Non-Functional Requirements
- high availability: the website should be accessible 24/7
- high scalability: the website should be able to handle 10k users submitting code concurrently
- low latency: during a contest, the leaderboard should be updated in real time
- security: user code cannot break server
Resource Estimation
QPS
Assume each user participate one contest a day. Given 10k users participating in a two-hour contenst concurrently, each user submits solutions 20 times on average. Therefore, the total number of writes for a contest is: 10k * 20 = 200k writes
. Assume a read:write ratio of 2:1, the total number of read requests for a contest is: 200k * 2 = 400k reads
. This comes to 200k / (2 * 3600s) ≈ 25 QPS
, a manageable number.
Storage
Assuming about 100 lines of code per problem, we roughly estimate each submission is about 10KB in size for verbose languages including the driver code and test outputs. With users submitting 20 times per day, after one month, the total storage for user solutions is: 10k * 20 * 10KB * 30 ≈ 6GB
. This is a very manageable number.
Check out how QPS influences system design for more details on what we would need to handle the load.
API Endpoints
GET /problems?start={start}&end={end}
Get problems in a range. If start and end are not provided, get all problems with default page size.
Response Body:
{ problems: [ { id: string, title: string, difficulty: string } ] }
GET /problems/{problem_id}
Get problem details, including description, constraints, examples, and starter code.
Response Body:
{ id: string title: string difficulty: string description: string constraints: string examples: [{ input: string output: string }] starter_code: { language: string code: string } }
POST /problems/{problem_id}/submission
Submit code for a problem and get results.
Request Body:
{ user_id: string code: string language: string }
Response Body:
{ status: success | fail test_cases: [ { status: success | fail | timeout } ] }
GET /contests/{contest_id}/leaderboard
Get leaderboard for a contest.
Response Body:
{ ranking: [ { user_id: string, score: number } ] }
High Level Design
1. View Problems
This part is quite straightforward.

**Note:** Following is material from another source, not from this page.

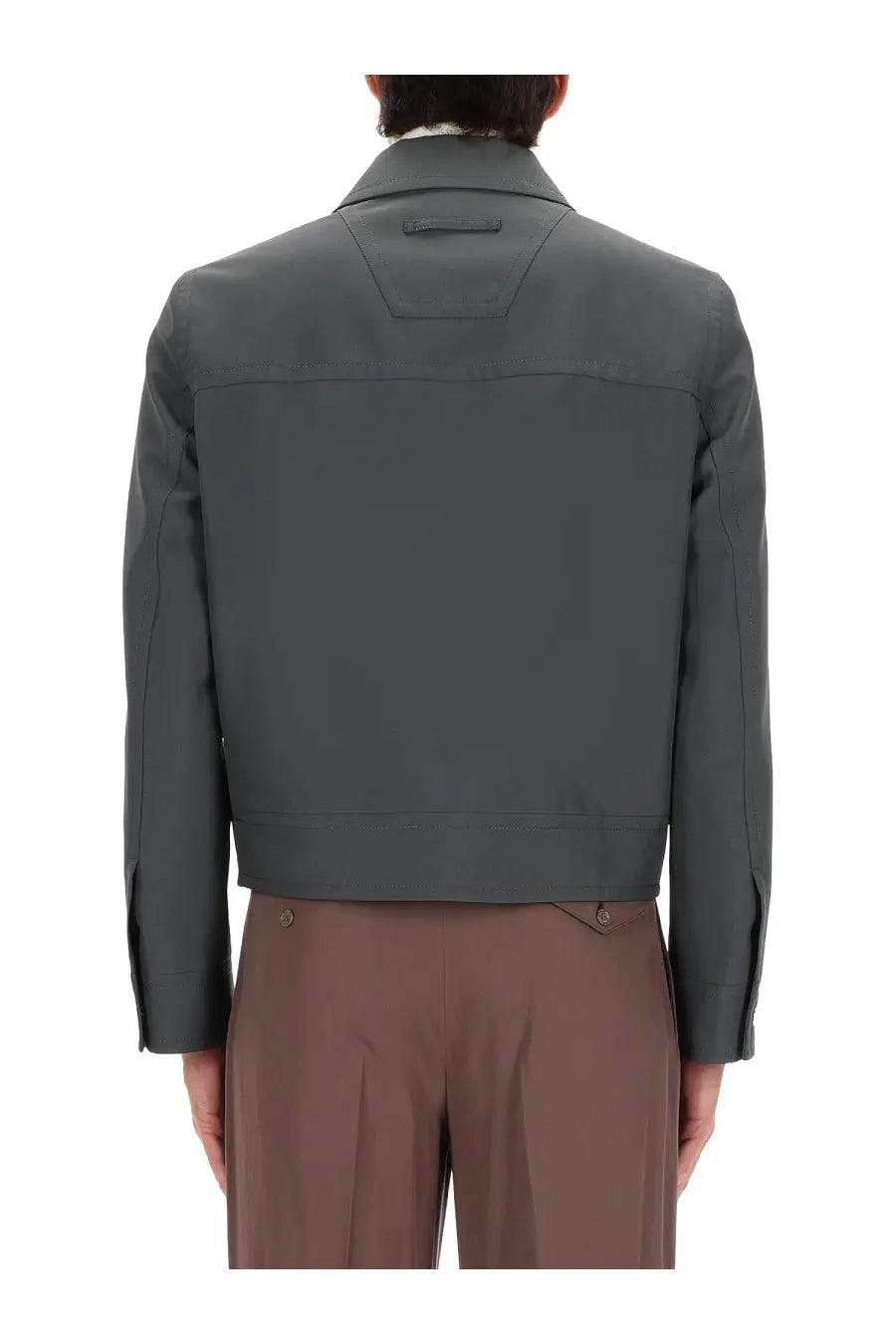 Gucci men’s dark gray structured jacket with clean lines and subtle stitching details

Users should be able to view a question's description, input/output examples, and constraints. And they should be able to view a list of problems.
The design for viewing problems uses a standard three-tier architecture:
- Client: Frontend application sending HTTP GET requests
- Problems Service: Backend service with endpoints:
GET /problems?start={start}&end={end}
: List problemsGET /problems/{id}
: Get specific problem details
- Database: Stores problem data (id, title, description, difficulty, examples, constraints)

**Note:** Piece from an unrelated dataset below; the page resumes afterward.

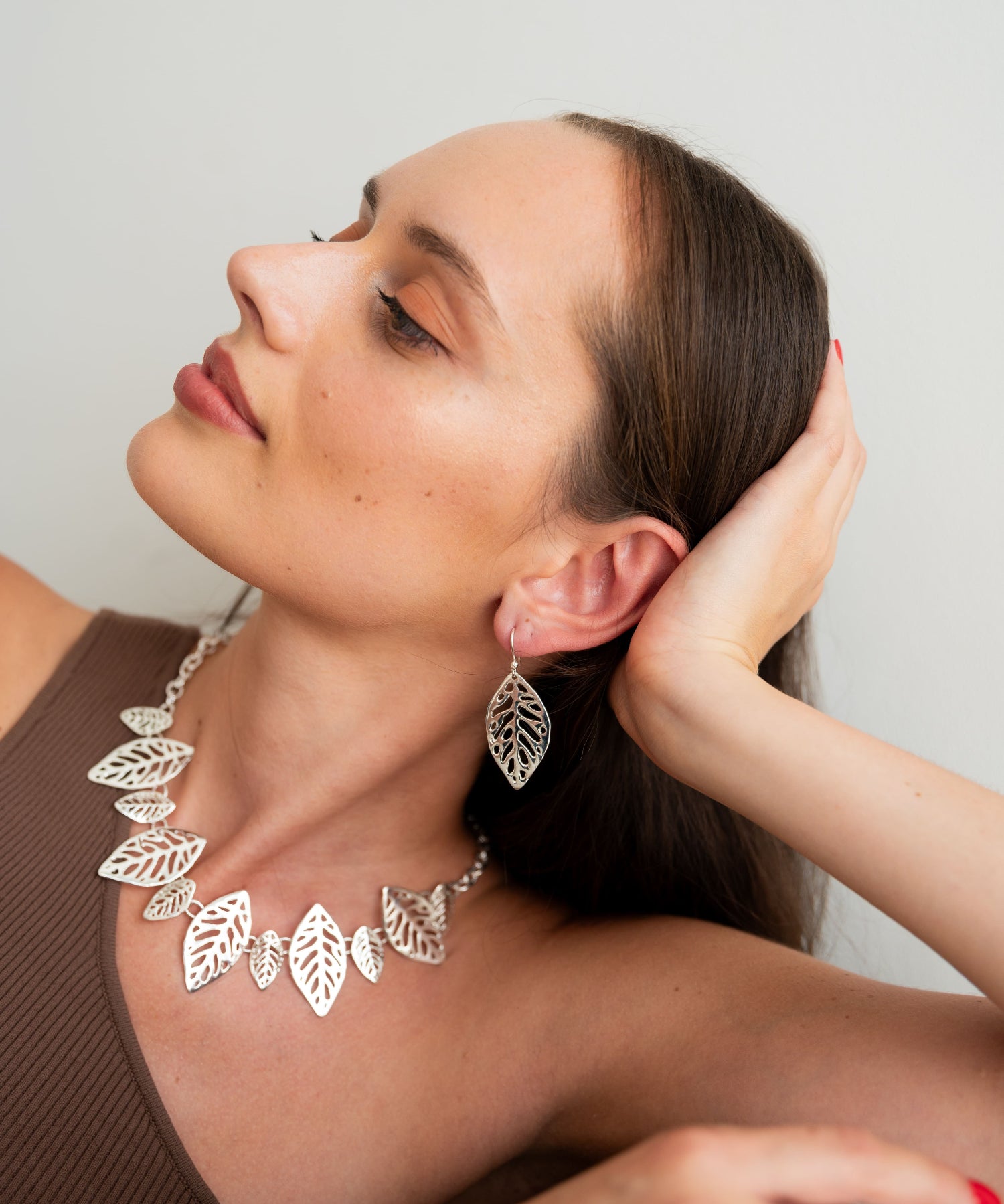 Woman wearing a silver leaf necklace and earrings against a plain background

This simple setup efficiently handles problem viewing requests while maintaining separation of concerns.
2. Submit Solution
Users should be able to solve coding questions by submitting their solution code and running it against built-in test cases to get results.
To design the code evaluation flow for our LeetCode-like platform, we need to consider the high concurrency requirement of 10,000 users participating in contests simultaneously, each submitting solutions about 20 times on average. This is a classic use case using our design template.

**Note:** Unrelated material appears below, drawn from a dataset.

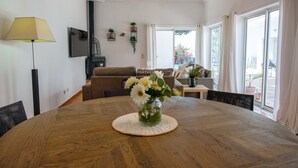 Un coin repas avec une table en bois, un vase de fleurs et une vue sur l’extérieur grâce à de grandes fenêtres.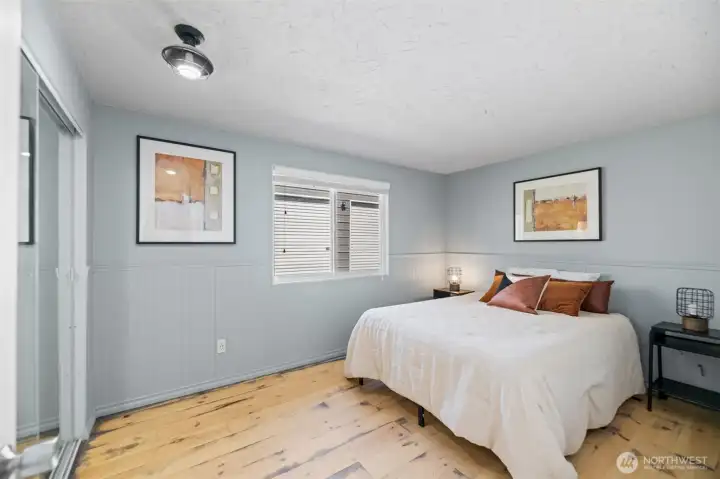 Primary bedroom located at the back of the home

We use a Code Evaluation Service as the entry point for code submissions. This service will be responsible for receiving code from users and initiating the evaluation process. However, to handle the high volume of submissions efficiently and securely, we introduce a Message Queue as a buffer between the submission process and the actual code execution.
Note that most system design questions requires microservices. For a simpler problem like this, we can use a single service to handle both problem service and code evaluation. However, code submission can be compute heavy and we do not want to bring down the entire service when handling a large number of submissions. Therefore, we opt to separate the two services.
When a user submits a solution, the Code Evaluation Service pushes a message containing the submission details (user ID, problem ID, and code) to the Message Queue. This decouples the submission process from the execution process, allowing us to handle traffic spikes more effectively.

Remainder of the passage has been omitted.